Publishing giant Knight Ridder said yesterday it would cut as many as 1,700 jobs from its 32 daily newspapers, bringing this year’s workforce reduction to nearly 10 percent.
Spokeswoman Lee Ann Schlatter told the Associated Press the cuts will come in the form of buyouts and layoffs at “almost all of our newspapers,” but said details for each paper were not yet available.
“We will clearly be leaner,” President and CEO Tony Ridder said in the layoff announcement, “but still, I want to stress, adequately staffed.”
The company, whose flagship papers include The Philadelphia Inquirer, The San Jose Mercury News and The Miami Herald, said revenue is down 5.3 percent from a year ago.
Meanwhile, managers at the Times Co., which publishes The New York Times and The Boston Globe, said they will cut about 1,200 jobs company-wide.
In all, 8 to 9 percent of the company’s 14,000 workers will lose their jobs. The company said it hopes the cuts will save up to $40 million.
“The actions we have taken have served to improve our bottom line without compromising our long-term strategy,” Russell Lewis, the company’s president and CEO, said in a statement.

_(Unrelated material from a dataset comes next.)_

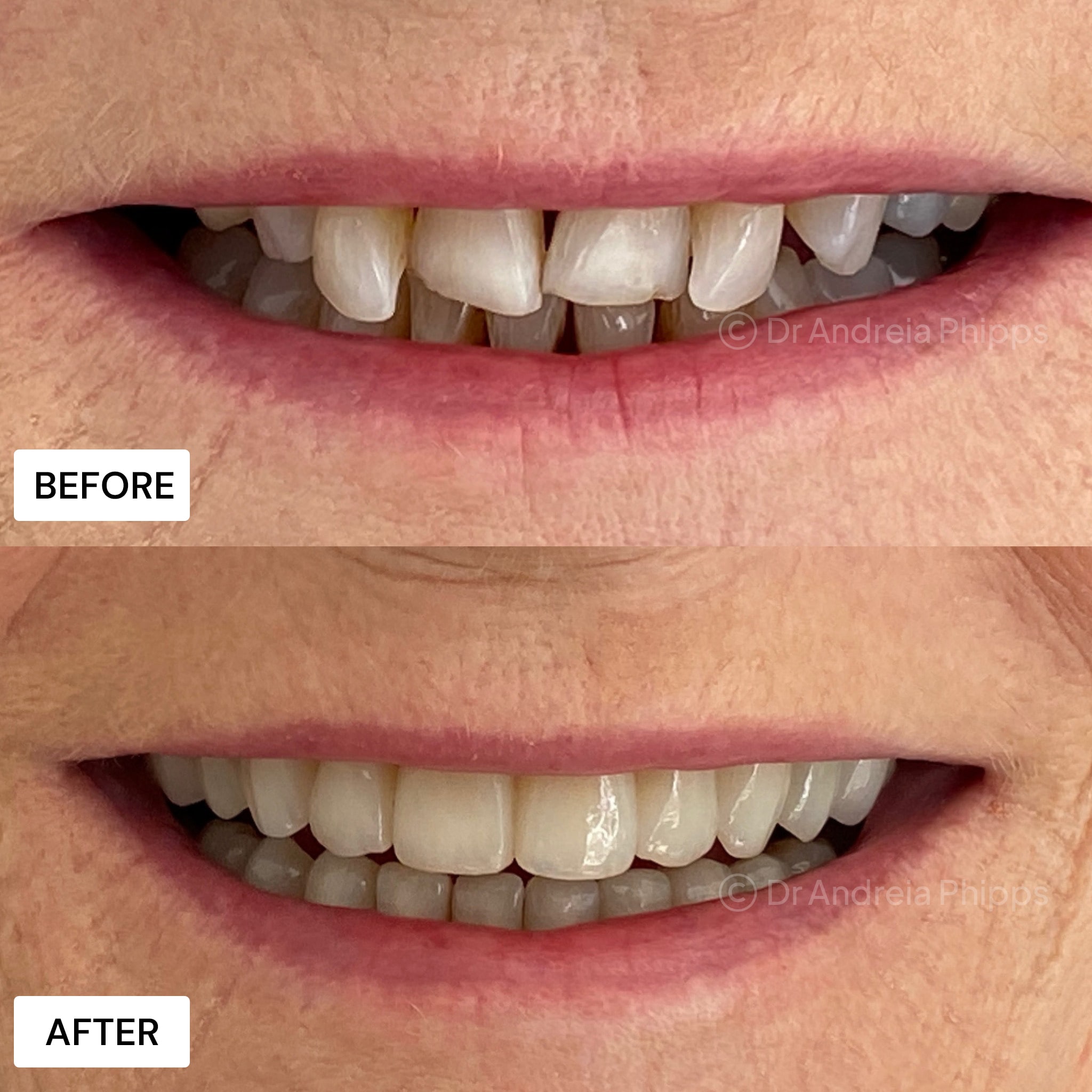 Transformation Case 23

Officials at the Globe said Monday 193 employees accepted voluntary buyout offers — a number sufficient, said Globe publisher Richard H. Gilman “to put aside the possibility of layoffs.”

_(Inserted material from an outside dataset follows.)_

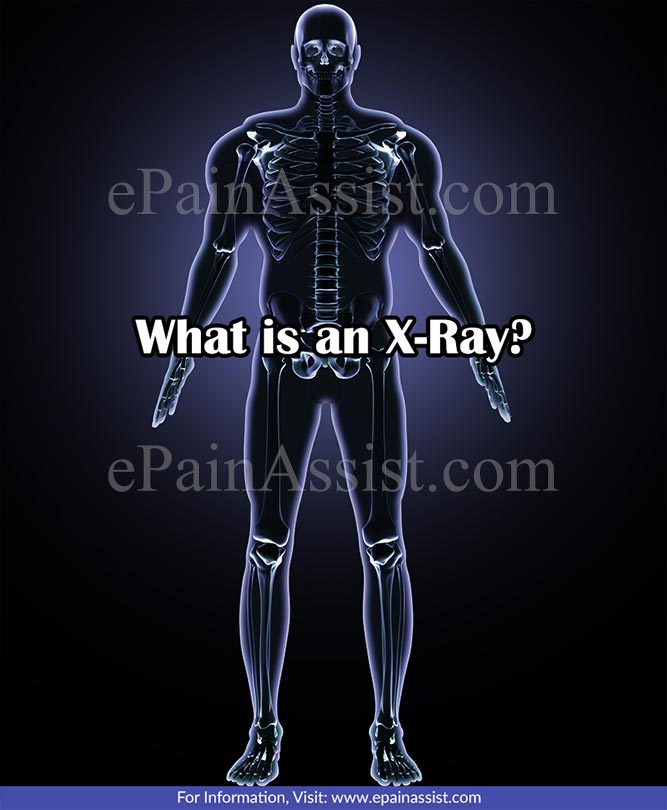 What is an X-Ray?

Besides the Times and the Globe, the Times Co. owns 15 newspapers, eight network TV stations, two radio stations and 40 Web sites.
Cuts at Tribune
Last week, the Tribune Co., publisher of The Chicago Tribune, The Los Angeles Times and Newsday, announced it would cut 1,400 of its 25,800 jobs.
The company said June 14 it hoped to reduce staff by 3 percent through voluntary buyouts and another 3 percent through layoffs.
Tribune Co. President and CEO John W. Madigan told employees the company “acted aggressively” to cut costs in the face of an economic slowdown, but said “despite these actions, it’s clear we must do more.”
Chicago Tribune President and Publisher Scott C. Smith said the paper isn’t planning significant layoffs at the moment, but will remain flexible.
The company, which owns 11 daily newspapers and 22 TV stations, said year-to-date revenues had dropped 6 percent, from $2.3 billion to $2.1 billion.